In reference to the father’s estrangement at this time, Sir James Dewar, an old friend of the elder Stevenson, tells a story which would have touched R. L. S. infinitely had he heard it. Sir James (then Professor) Dewar and Mr. Thomas Stevenson were engaged together on some official scientific work near Duns in Berwickshire. “Spending the evening together,” writes Sir James, “at an hotel in Berwick-on-Tweed, the two, after a long day’s work, fell into close fireside talk over their toddy, and Mr. Stevenson opened his heart upon what was to him a very sore grievance. He spoke with anger and dismay of his son’s journey and intentions, his desertion of the old firm, and taking to the devious and barren paths of literature. The Professor took up the cudgels in the son’s defence, and at last, by way of ending the argument, half jocularly offered to wager that in ten years from that moment R. L. S. would be earning a bigger income than the old firm had ever commanded. To his surprise, the father became furious, and repulsed all attempts at reconciliation. But six and a half years later, Mr. Stevenson, broken in health, came to London to seek medical advice, and although so feeble that he had to be lifted out and into his cab, called at the Royal Institute to see the Professor. He said: “I am here to consult a doctor, but I couldna be in London without coming to shake your hand and confess that you were richt after a’ about Louis, and I was wrang.” The frail old frame shook with emotion, and he muttered, “I ken this is my last visit to the south.” A few weeks later he was dead.
VI
ALPINE WINTERS AND HIGHLAND SUMMERS
August 1880-October 1882
After spending the months of June and July 1880 in the rough Californian mountain quarters described in the Silverado Squatters, Stevenson took passage with his wife and young stepson from New York on the 7th of August, and arrived on the 17th at Liverpool, where his parents and I were waiting to meet him. Of her new family, the Mrs. Robert Louis Stevenson brought thus strangely and from far into their midst made an immediate conquest. To her husband’s especial happiness, there sprang up between her and his father the closest possible affection and confidence. Parents and friends — if it is permissible to one of the latter to say as much — rejoiced to recognise in Stevenson’s wife a character as strong, interesting, and romantic almost as his own; an inseparable sharer of all his thoughts and staunch companion of all his adventures; the most open-hearted of friends to all who loved him; the most shrewd and stimulating critic of his work; and in sickness, despite her own precarious health, the most devoted and most efficient of nurses.
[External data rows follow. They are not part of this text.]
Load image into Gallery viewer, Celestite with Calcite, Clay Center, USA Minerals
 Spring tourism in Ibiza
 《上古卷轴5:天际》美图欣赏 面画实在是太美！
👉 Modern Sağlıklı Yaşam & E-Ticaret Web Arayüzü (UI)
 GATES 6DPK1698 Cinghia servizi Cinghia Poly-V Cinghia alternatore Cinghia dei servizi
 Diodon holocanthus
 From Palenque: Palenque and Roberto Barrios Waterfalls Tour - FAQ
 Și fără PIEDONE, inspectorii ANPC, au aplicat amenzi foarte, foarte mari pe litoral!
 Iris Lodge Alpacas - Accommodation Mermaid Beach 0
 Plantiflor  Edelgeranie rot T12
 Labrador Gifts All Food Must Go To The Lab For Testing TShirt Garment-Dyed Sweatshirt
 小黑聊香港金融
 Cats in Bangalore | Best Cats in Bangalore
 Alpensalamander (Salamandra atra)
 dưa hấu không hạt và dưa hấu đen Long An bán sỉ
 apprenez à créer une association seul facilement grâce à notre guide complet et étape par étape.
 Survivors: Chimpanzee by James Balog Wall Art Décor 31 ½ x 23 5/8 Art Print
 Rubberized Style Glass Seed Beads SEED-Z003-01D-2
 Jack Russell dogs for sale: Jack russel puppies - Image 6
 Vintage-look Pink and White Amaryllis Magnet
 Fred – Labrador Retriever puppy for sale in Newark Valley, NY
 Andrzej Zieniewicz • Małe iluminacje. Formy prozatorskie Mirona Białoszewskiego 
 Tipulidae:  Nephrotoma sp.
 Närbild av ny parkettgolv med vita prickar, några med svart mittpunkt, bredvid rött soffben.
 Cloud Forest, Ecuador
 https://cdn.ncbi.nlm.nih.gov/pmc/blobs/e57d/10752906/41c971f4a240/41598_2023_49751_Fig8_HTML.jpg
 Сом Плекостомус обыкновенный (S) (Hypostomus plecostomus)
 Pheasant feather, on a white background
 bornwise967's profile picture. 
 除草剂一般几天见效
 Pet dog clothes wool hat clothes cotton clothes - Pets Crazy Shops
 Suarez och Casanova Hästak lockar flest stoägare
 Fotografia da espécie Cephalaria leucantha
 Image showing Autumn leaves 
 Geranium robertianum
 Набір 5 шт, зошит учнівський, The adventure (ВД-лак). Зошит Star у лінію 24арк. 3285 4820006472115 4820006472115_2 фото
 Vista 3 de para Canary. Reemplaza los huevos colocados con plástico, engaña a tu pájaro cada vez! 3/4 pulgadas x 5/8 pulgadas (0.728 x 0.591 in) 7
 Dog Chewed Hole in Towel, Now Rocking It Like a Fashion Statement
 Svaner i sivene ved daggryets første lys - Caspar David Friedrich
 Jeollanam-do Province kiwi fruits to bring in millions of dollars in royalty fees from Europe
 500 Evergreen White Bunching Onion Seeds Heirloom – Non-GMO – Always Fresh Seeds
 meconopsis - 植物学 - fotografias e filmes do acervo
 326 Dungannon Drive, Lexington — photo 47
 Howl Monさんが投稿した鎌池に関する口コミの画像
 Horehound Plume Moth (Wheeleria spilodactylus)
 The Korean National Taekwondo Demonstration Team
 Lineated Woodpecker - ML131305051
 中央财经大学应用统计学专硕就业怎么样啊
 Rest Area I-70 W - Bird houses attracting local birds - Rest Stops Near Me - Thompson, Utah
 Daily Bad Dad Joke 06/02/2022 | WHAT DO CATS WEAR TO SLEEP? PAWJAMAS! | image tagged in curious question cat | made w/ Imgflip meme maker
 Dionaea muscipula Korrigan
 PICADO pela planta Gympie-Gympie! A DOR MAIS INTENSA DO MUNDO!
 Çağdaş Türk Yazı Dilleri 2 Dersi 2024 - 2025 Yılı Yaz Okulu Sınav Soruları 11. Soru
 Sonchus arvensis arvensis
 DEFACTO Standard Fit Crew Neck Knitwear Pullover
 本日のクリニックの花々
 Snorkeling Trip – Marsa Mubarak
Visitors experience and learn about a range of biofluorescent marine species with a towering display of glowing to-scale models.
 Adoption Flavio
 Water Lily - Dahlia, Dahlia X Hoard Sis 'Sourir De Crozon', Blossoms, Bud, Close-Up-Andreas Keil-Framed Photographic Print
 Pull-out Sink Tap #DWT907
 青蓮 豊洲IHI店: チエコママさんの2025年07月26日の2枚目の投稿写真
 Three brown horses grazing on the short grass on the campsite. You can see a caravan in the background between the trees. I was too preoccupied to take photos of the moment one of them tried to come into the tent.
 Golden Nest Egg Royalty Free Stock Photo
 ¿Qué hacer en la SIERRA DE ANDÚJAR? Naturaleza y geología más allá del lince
From Liverpool the Stevenson party went on to make a stay in Scotland, first at Edinburgh, and afterwards for a few weeks at Strathpeffer, resting at Blair Athol on the 280 way. It was now, in his thirtieth year, among the woods of Tummelside and under the shoulder of Ben Wyvis, that Stevenson acknowledged for the first time the full power and beauty of the Highland scenery, which in youth, with his longings fixed ever upon the South, he had been accustomed to think too bleak and desolate. In the history of the country and its clans, on the other hand, and especially of their political and social transformation during the eighteenth century, he had been always keenly interested. In conversations with Principal Tulloch at Strathpeffer this interest was now revived, and he resolved to attempt a book on the subject, his father undertaking to keep him supplied with books and authorities; for it had quickly become apparent that he could not winter in Scotland. The state of his health continued to be very threatening. He suffered from acute chronic catarrh, accompanied by disquieting lung symptoms and great weakness; and was told accordingly that he must go for the winter, and probably for several succeeding winters, to the mountain valley of Davos in Switzerland, which within the last few years had been coming into repute as a place of recovery, or at least of arrested mischief, for lung patients. Thither he and his wife and stepson travelled accordingly at the end of October. Nor must another member of the party be forgotten, a black thoroughbred Skye terrier, the gift of Sir Walter Simpson. This creature was named, after his giver, Walter — a name subsequently corrupted into Wattie, Woggie, Wogg, Woggin, Bogie, Bogue, and a number of other affectionate diminutives which will be found occurring often enough in the following pages. He was a remarkably pretty, engaging, excitable, ill-behaved little specimen of his race, the occasion of infinite anxiety and 281 laughing care to his devoted master and mistress until his death six years later.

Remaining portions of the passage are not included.